Samuel Adams, Journalist, Agitator, Son of Liberty |
Chief Executive Officers of large Connecticut businesses, one eye always focused on the exit signs, have been used to couching their simmering dissatisfactions with Connecticut’s increasingly progressive government in semi-ambiguous terms, so as not unduly to alarm politicians in the state they may exit, or in the states to which the CEOs, like Moses leading towards a new promised land the captives of a stone-deaf Pharaoh, have migrated in a mass exodus.

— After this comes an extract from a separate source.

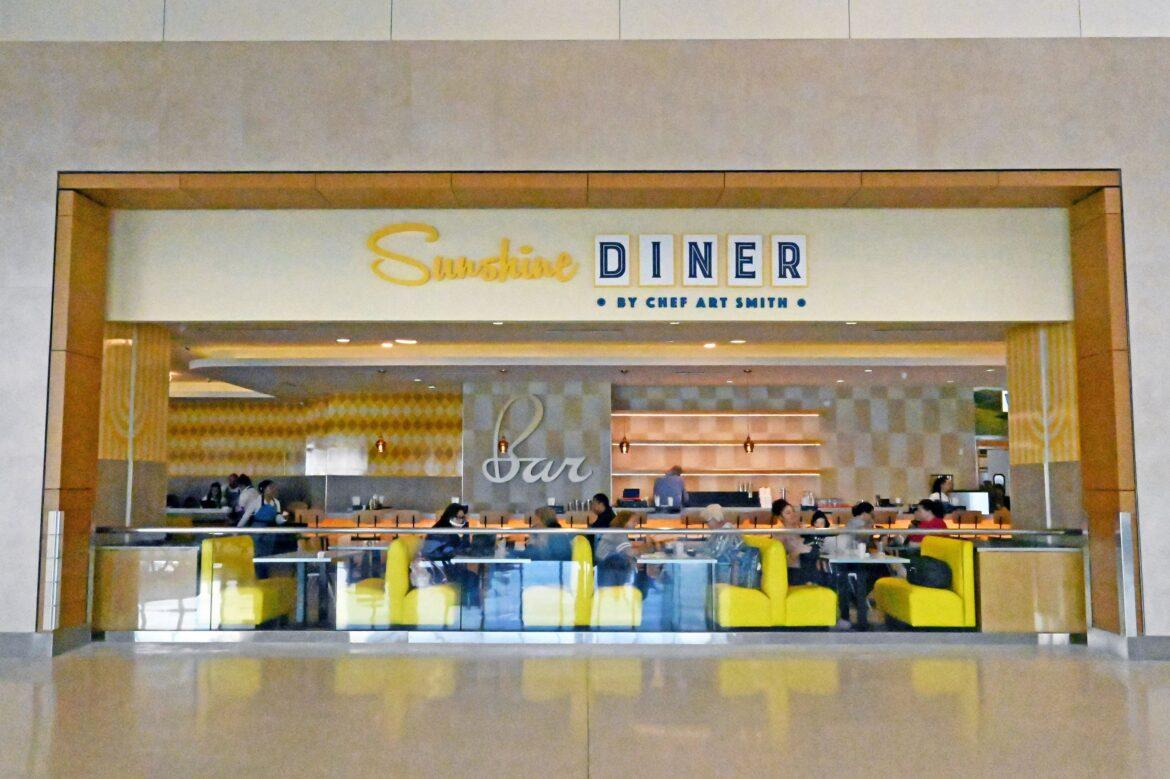 Sunshine Diner by Chef Art Smith Opens at the Orlando Airport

Such has been the case with almost every large business in
Connecticut that has in the past few decades picked up stakes and moved to some
less tax predatory state. In other cases, large Connecticut home grown
businesses have been swallowed up by out-of-state buyers, the penultimate step
preceding a move by the company – forgive the repetition – to pull up stakes
and “move forward,” as the politicians say, to a less tax predatory environment,
either out of state or overseas.
Not this time. The messaging by Pitney Bowles CEO Marc
Lautenbach admitted of no ambiguity.
We find the following few direct quotes in a top of the fold,
front page story plainly titled “Pitney
Bowes chief executive warns that businesses may leave Connecticut if the state
raises taxes”:
“The chief executive
officer of Pitney Bowes Inc. warned state officials Friday that offices emptied
by the coronavirus pandemic could be vacated permanently if tax and other
policies seen as anti-business prevail.
“’You can tax your
way right out of competitiveness as it relates to businesses,’ CEO Marc
Lautenbach said at an online economic outlook conference organized by the
Connecticut Business & Industry Association. ‘A company like Pitney Bowes
has choices.’…
‘There’s a whole new
set of possibilities [post pandemic] that are open to companies in terms of how
and where work gets done,’ Lautenbach said. ‘That, coupled with what went on
from a fiscal perspective ... [with] the states as well as the federal
government, should be eye-opening to elected officials.’”
Progressives, both
nationally and in-state, have so far shut their eyes to such imprecations.
The much berated
Trump administration had stoked the national economy through a series of tax
cuts and regulation reductions. Before the Coronavirus pandemic hit American
shores and made, in Shakespearian terms, “cowards of us all,” Trump’s business
friendly, pro-free market initiatives had produced both jobs aplenty and refreshing
organic boosts in state’s revenues, this before President Joe Biden was told he
could be a new-age Franklin Delano Roosevelt if he were to give full rein to
progressive forces within his party best represented by socialist Bernie
Sanders of Vermont and progressive sans
culottes such as US Senate leader Chuck Schumer of New York and Speaker of
the US House Nancy Pelosi. With a blink of an eye, the usurper Trump was out,
as were his more successful policies, domestic and foreign.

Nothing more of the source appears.